[[ Source records open ]]
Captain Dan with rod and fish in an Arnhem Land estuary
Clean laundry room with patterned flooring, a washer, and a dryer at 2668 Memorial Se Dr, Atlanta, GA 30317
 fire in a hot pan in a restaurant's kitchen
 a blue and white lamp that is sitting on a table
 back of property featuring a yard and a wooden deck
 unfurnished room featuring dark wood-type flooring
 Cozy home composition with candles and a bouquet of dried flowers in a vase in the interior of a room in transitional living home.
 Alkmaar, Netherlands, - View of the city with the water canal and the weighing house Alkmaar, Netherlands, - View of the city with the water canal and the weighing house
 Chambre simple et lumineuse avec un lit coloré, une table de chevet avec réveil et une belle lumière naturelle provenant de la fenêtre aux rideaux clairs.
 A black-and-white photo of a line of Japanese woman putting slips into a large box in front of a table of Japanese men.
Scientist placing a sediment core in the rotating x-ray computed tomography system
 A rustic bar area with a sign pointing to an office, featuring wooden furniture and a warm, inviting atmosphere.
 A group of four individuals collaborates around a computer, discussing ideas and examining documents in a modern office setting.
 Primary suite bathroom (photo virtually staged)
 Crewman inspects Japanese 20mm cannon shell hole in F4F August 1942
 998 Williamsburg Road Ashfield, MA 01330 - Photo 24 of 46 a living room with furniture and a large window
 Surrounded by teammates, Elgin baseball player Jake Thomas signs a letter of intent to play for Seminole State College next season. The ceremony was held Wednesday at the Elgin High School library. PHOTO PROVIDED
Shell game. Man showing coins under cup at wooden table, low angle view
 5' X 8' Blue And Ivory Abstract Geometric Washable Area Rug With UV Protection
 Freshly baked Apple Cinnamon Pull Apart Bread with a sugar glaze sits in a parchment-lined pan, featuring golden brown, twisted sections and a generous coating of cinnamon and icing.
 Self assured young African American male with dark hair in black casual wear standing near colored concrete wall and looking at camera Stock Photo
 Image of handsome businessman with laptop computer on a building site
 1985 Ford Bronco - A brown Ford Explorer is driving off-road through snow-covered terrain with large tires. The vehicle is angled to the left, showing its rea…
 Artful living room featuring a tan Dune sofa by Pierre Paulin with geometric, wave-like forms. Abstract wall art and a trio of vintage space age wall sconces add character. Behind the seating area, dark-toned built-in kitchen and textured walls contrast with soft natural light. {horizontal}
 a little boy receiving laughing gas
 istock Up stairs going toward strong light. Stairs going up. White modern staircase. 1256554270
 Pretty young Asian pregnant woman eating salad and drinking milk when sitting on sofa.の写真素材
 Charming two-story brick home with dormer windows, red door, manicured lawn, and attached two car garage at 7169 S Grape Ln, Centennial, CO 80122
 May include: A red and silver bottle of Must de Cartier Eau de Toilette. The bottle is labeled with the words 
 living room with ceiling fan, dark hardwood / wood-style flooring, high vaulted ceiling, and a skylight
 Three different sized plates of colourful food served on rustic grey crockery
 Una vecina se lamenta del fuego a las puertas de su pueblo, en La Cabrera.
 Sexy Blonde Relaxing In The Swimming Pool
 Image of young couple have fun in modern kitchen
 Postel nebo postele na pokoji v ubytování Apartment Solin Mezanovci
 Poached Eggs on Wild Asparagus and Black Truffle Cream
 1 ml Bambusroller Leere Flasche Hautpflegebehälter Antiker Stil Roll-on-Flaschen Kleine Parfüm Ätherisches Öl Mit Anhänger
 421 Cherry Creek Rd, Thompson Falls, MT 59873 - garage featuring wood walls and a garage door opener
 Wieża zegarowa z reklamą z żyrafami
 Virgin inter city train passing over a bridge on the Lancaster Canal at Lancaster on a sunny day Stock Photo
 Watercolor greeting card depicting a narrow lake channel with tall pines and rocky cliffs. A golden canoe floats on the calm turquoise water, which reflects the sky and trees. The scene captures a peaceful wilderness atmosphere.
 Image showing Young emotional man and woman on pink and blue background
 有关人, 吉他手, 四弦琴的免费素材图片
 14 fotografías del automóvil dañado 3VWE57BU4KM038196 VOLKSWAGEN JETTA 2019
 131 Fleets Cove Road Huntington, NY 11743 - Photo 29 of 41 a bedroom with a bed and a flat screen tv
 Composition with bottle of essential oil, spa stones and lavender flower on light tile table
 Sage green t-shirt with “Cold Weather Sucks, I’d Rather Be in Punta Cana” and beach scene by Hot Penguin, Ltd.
[[ Source records closed ]]
● **What you will do**: Among the records above, only the lines between the line holding "back of property" and the line holding "Chambre simple et", inclusive, are to be output, exactly as written.

● **Written solution**:
 back of property featuring a yard and a wooden deck
 unfurnished room featuring dark wood-type flooring
 Cozy home composition with candles and a bouquet of dried flowers in a vase in the interior of a room in transitional living home.
 Alkmaar, Netherlands, - View of the city with the water canal and the weighing house Alkmaar, Netherlands, - View of the city with the water canal and the weighing house
 Chambre simple et lumineuse avec un lit coloré, une table de chevet avec réveil et une belle lumière naturelle provenant de la fenêtre aux rideaux clairs.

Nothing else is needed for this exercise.